* ACTION ITEM
Among the records below, find the line that has "Soulful R&B Vibes【R&B"; from there, give the lines again exactly, and stop after the line that has "2012 Acura MDX SH-AWD w/Tech".

* EXTRACTED MATERIAL

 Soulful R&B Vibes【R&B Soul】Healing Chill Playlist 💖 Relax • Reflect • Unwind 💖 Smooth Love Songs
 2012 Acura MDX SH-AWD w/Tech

* * *

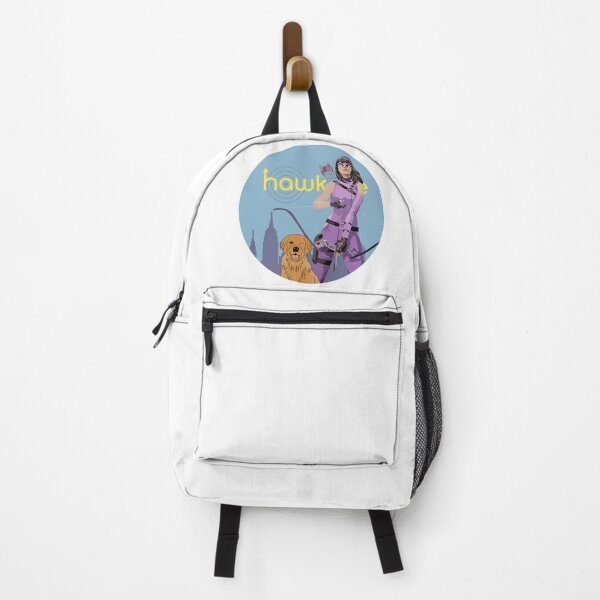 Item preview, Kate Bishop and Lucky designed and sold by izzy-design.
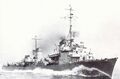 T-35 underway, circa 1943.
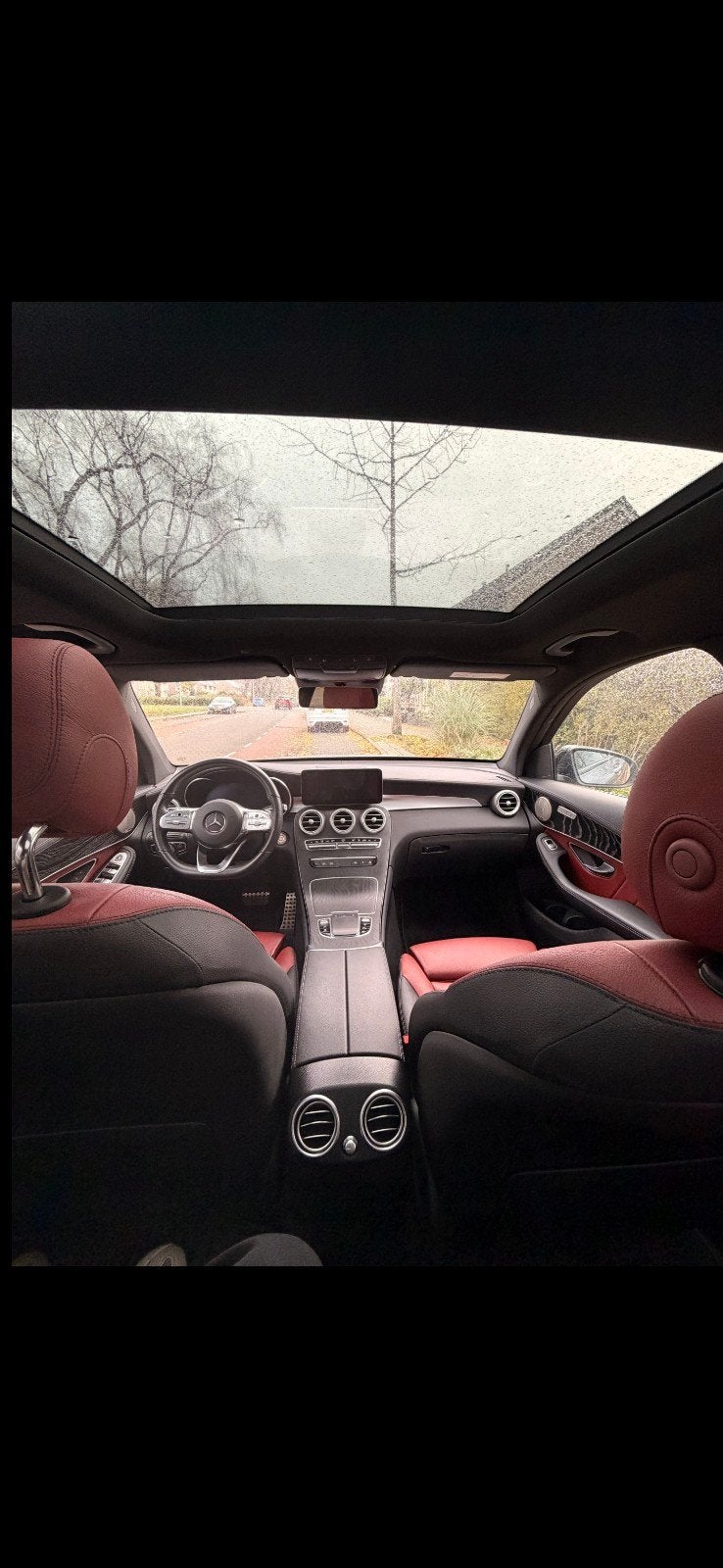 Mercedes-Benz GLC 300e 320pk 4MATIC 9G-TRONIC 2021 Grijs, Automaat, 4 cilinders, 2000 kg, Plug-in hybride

* ANSWER
 Soulful R&B Vibes【R&B Soul】Healing Chill Playlist 💖 Relax • Reflect • Unwind 💖 Smooth Love Songs
 2012 Acura MDX SH-AWD w/Tech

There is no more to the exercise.